Hi Robin,

On 10/02/2018 1:41 AM, Robin Westberg wrote:
Hi David,

On 9 Feb 2018, at 05:22, David Holmes <david.hol...@oracle.com <mailto:david.hol...@oracle.com>> wrote:

Hi Robin,

Right, almost all the runtime changes are made in order to try to figure out what the process exit code from the launcher will eventually be. For example, the launcher returns 1 if the main thread exited with an unhandled exception, but 0 otherwise. But I actually agree that this information is probably only of marginal use (it could always be captured from wherever Java is launched if someone really wants it), so it is perhaps not worth the trouble.

Yes and that particular example of launcher behaviour is an archaic throwback to C programming - where end of "main" means end of the program - IMHO. I don't think it is of interest - and certainly not worth jumping through so many hoops to make the info available.

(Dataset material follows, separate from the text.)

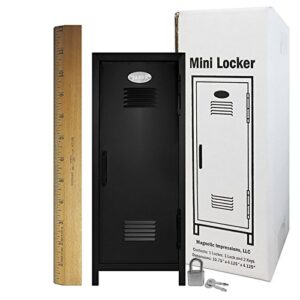 Mini Locker with Lock and Key Black -10.75" Tall x 4.125" x 4.125"
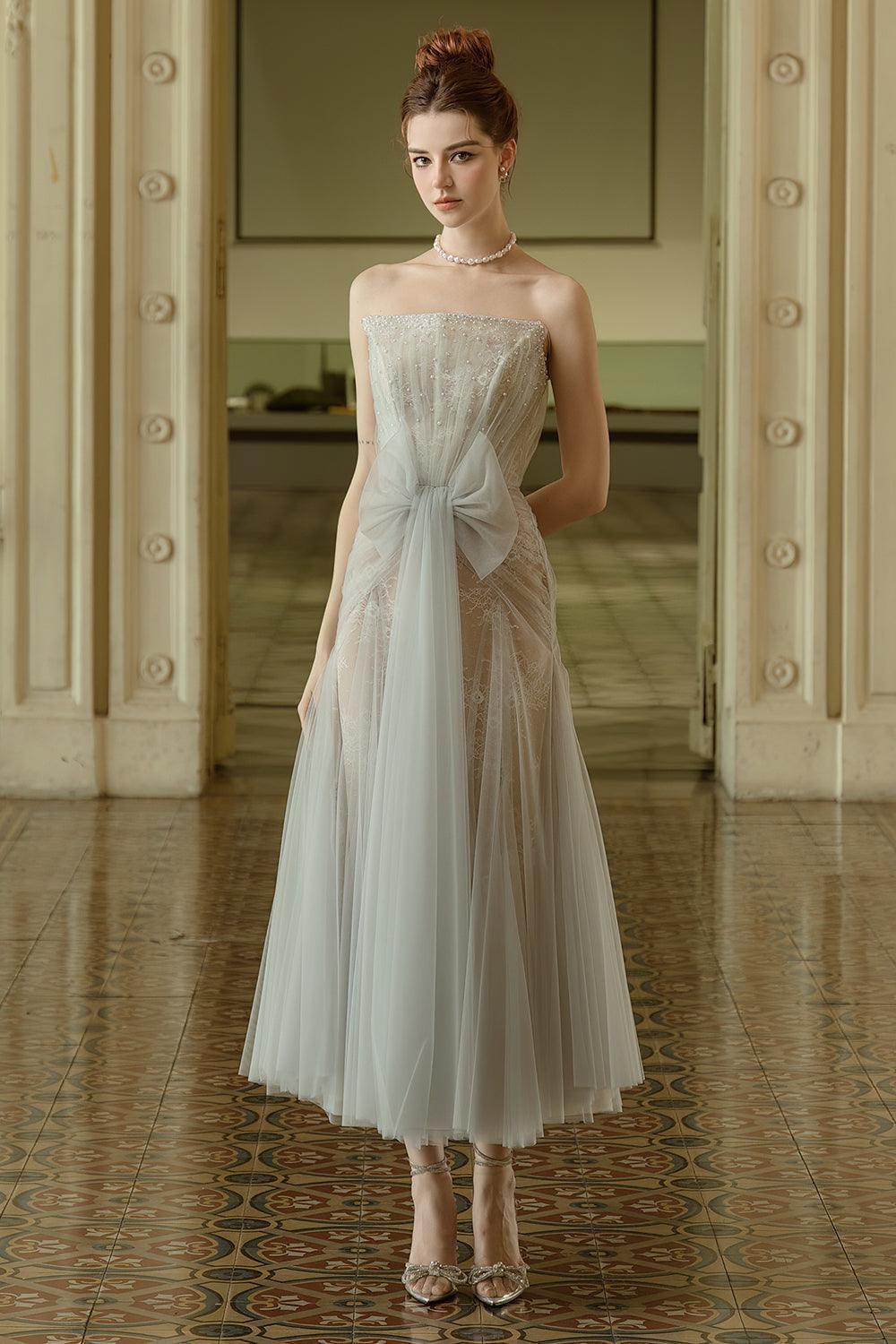 Faye Strapless Bow Tulle Ankle Length Dress - MEAN BLVD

Discussed it a bit with Erik Gahlin, and perhaps the best option here is to simply remove the status code field from the event, that would simplify things and make the code you mention above go away.

That sounds good to me. :)

It is unfortunate that you need to add beforeHalt to deal with the event mechanism itself being turned off (?) by a shutdown hook. That would seem to potentially lose a lot of event information given hooks can run in arbitrary order and execute arbitrary Java code. And essentially you end up recording the initial reason shutdown started, though potentially it could end up terminating for a different reason.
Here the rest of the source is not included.